Dengan masih eksisnya jiwa domeinverklaring dalam konsep
tanah negara, maka tak heran jika istilah “tanah negara” cenderung
menjadi suatu label yang dalam politik penguasaan tanah atau
lahan di Indonesia sering dijadikan alat untuk mengeksklusi
masyarakat adat sekitar dari sumber kekayaan agraria. Praktiknya,
alat ini cukup ampuh menyingkirkan masyarakat adat yang
sesungguhnya jauh sebelum Indonesia merdeka telah mendiami,
memanfaatkan, bahkan bergantung pada hasil agraria tersebut;
baik hasil hutan, tanah, ataupun air.
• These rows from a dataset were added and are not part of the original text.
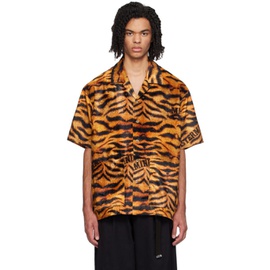 마스터마인드 월드 MASTERMIND WORLD Black & Orange Tiger Shirt 241968M192001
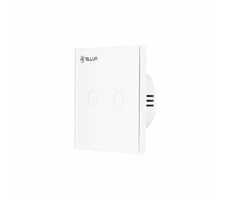 TELLUR WiFi Smart Spínač 2 porty biela / 1800 W / 10 A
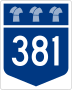 Highway 381 marker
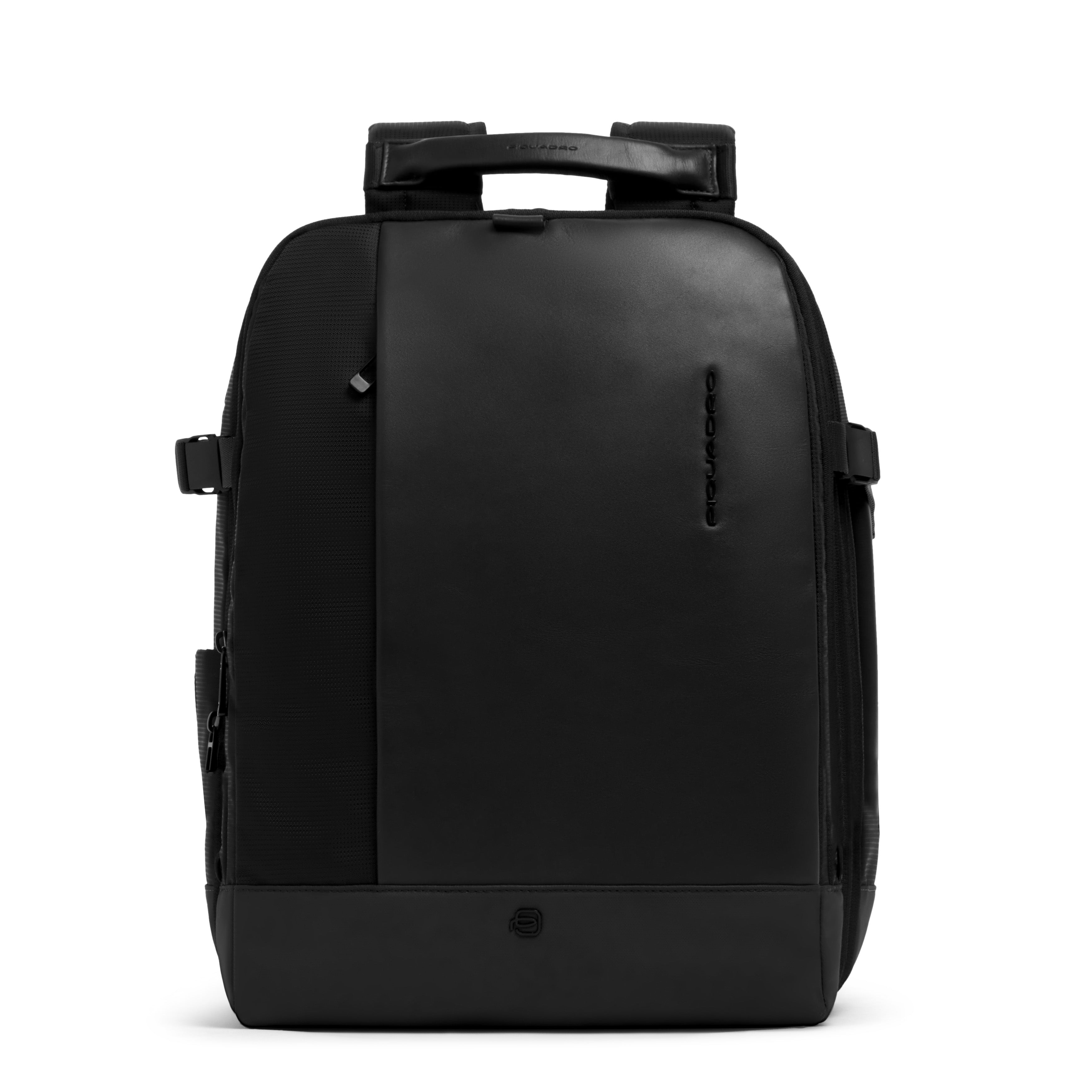 Piquadro Black Square Rucksack 15,6 Zoll Grün Stoff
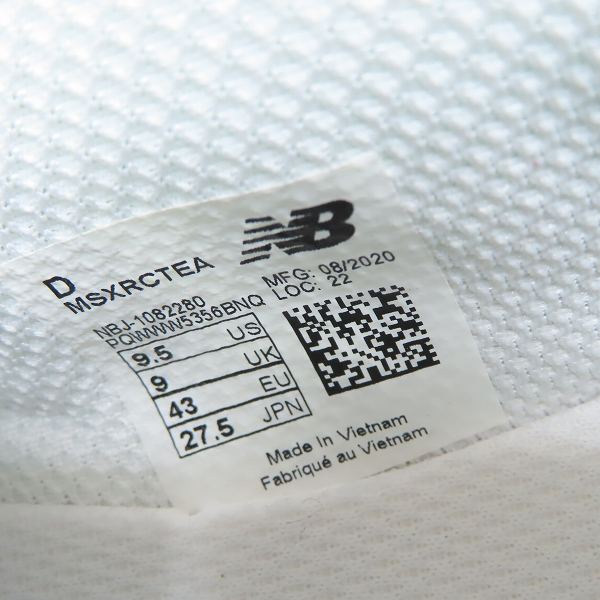 実際に弊社で買取させて頂いた【未使用】New Balance/ニューバランス MSXRCTEA 27.5の画像 5枚目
Bukan hanya bergantung
dalam arti guna memenuhi kebutuhan hidup, tetapi juga dalam
arti sebagai identitas sosial budaya.
Hal yang lebih menyakitkan bagi masyarakat tempatan–
petani dan masyarakat adat–ialah bilamana sumber daya agraria
yang telah dicaplok secara sepihak oleh negara sebagai miliknya
kemudian diserahkan hak akses kepada perusahaan tanpa
melibatkan mereka, di luar pengetahuan mereka. Menyebabkan
berbagai tindakan pencaplokan dan pelabelan yang dilakukan
oleh negara tak ubahnya sekadar pencadangan sumber daya
untuk kepentingan diserahkan pada orang atau kelompok
tertentu–khususnya perusahaan. 5
5 Nancy Lee Peluso, Rich Forests, Poor People: Resource Control and Resistance in Java,
University of California Press, London, 1992, hlm. 12-14.